It's easy to become a German. That, at least, is the conclusion to be drawn from the first set of results for Germany's new citizenship test: Around 99 percent of those taking the test so far have passed.
Berlin's interior minister, Ehrhart Körting, announced the results Thursday, welcoming what he called "the positive result." The pass rate for Germany as a whole was 98.9 percent, while the Berlin pass rate was a spectacular 99.4 percent -- of the 1,647 applicants who took the test in Berlin during September and November of 2008, only 10 failed.
The test was
criticized ahead of its introduction in September 2008 by opposition politicians and representatives of the immigrant community. Prominent Green Party politician Hans-Christian Ströbele said at the time that he worried that "many Germans would not pass the test either" and claimed that many questions "miss the point."
Now there are concerns that the test is too easy. "If everyone passes anyway, then we don't need the test," Green Party politician Bilkay Öney told the newspaper Die Tageszeitung. Rainer-Michael Lehmann from the business-friendly FDP party told the paper the test should be revised, "otherwise we can do without it."
However Kurt Wansner, an expert on immigration issues for Angela Merkel's conservative Christian Democrats, defended the test. "Even if people have just learned the answers by heart, they might never have thought about such questions if the test didn't exist," he said.

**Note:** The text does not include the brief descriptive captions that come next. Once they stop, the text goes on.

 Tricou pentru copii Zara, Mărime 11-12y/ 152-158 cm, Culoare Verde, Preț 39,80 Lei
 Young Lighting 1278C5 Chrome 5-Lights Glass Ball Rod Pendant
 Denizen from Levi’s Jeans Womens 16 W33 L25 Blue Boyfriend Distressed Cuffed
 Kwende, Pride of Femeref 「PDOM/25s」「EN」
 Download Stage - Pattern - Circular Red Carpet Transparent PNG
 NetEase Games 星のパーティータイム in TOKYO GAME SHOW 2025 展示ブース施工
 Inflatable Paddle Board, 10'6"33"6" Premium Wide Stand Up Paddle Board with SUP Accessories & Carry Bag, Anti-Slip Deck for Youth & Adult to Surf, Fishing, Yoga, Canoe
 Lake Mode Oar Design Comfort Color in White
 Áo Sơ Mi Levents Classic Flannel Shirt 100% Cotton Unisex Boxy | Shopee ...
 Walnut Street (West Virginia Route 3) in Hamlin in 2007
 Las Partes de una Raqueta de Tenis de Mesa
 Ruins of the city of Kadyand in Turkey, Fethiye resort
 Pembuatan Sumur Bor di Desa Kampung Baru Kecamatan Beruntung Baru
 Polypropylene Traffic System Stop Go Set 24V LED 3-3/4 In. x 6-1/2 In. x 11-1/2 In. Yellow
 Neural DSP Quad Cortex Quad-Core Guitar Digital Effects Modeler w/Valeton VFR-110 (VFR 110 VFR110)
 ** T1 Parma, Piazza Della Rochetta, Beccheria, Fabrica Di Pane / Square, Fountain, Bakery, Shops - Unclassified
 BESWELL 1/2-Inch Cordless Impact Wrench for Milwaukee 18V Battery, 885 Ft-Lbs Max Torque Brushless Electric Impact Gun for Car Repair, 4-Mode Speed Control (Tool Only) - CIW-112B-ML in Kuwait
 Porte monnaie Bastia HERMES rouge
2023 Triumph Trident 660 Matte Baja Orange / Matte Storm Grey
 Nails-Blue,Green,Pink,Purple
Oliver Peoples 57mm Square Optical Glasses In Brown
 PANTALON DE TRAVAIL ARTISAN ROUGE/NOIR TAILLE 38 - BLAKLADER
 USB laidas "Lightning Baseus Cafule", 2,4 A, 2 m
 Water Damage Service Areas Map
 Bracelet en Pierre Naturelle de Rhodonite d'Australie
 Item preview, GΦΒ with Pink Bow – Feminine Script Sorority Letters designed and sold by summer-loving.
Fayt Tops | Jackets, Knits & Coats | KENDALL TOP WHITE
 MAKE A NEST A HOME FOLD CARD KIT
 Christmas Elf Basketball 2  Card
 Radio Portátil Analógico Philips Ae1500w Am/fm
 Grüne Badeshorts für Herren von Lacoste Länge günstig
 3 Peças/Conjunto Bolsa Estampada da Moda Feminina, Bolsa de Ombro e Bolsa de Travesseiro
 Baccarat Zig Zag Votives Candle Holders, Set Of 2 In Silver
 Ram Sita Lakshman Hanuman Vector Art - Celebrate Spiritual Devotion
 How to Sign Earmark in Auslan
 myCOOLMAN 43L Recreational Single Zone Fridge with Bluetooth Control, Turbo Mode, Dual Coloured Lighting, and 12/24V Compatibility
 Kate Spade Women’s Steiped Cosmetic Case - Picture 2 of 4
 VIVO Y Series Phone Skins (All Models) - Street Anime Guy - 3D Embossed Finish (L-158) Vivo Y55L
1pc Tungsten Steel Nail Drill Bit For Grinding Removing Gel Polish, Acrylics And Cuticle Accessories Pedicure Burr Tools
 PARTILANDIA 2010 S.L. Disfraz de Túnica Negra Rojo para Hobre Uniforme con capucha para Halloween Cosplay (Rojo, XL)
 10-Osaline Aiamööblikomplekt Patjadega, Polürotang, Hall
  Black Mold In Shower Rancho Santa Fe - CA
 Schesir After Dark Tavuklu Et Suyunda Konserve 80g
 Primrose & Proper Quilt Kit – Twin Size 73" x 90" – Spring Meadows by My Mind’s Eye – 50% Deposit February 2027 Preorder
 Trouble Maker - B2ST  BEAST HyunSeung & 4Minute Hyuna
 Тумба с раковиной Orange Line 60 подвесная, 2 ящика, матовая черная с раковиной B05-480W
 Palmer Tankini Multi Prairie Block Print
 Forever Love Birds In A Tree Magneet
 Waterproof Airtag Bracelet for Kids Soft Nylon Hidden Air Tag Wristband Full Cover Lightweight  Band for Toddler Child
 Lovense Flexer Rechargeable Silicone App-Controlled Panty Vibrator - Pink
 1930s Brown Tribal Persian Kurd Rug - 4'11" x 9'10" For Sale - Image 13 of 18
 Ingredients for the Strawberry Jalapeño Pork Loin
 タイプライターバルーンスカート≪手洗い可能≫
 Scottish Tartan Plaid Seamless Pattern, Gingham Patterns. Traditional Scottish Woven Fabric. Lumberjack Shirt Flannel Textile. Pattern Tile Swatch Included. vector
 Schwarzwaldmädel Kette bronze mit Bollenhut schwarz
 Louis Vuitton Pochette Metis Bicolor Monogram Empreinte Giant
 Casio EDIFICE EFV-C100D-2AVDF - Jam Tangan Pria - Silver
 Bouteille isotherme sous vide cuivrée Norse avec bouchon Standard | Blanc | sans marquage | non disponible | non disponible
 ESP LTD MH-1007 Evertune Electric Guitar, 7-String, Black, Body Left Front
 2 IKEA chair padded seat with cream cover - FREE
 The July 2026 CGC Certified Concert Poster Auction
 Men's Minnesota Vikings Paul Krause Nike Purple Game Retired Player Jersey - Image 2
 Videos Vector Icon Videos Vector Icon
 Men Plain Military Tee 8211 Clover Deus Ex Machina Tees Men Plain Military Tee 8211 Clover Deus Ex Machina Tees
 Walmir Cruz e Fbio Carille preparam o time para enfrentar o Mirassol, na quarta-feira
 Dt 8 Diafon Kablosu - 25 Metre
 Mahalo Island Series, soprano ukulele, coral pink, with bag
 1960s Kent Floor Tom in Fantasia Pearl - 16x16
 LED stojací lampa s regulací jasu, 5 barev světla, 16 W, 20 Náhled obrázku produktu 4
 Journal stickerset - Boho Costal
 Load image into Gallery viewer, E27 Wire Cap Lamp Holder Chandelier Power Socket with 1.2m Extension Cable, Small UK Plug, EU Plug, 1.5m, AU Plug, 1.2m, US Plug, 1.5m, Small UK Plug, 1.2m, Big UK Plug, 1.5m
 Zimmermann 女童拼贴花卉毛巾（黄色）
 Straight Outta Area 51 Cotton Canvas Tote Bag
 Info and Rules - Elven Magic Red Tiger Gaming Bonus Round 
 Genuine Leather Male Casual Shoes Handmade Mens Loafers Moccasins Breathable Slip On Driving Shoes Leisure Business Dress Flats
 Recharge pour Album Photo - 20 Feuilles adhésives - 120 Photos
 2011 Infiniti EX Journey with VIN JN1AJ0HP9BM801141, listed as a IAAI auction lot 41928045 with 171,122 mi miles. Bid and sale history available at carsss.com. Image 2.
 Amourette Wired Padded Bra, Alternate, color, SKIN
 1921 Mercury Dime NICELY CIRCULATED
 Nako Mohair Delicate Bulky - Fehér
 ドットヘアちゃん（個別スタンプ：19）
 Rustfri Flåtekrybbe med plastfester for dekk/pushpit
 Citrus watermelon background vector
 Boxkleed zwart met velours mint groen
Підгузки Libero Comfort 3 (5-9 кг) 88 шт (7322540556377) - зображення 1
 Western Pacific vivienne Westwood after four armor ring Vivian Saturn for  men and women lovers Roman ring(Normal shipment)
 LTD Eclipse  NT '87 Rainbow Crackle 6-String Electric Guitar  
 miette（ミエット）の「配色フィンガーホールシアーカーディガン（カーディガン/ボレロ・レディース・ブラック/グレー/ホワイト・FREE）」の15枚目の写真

To pass the test, which is one of several conditions for becoming a German citizen, applicants have to answer 17 questions correctly out of 33. The
tests are drawn from a catalogue of 310 questions prepared by academics at Berlin's Humboldt University, and they deal with topics ranging from dog registration in Germany, to the words of the national anthem to the meaning of the term "Stasi." (Answer: the East German secret police.) Applicants can take the 60-minute test, which costs €25 ($35), as often as they like.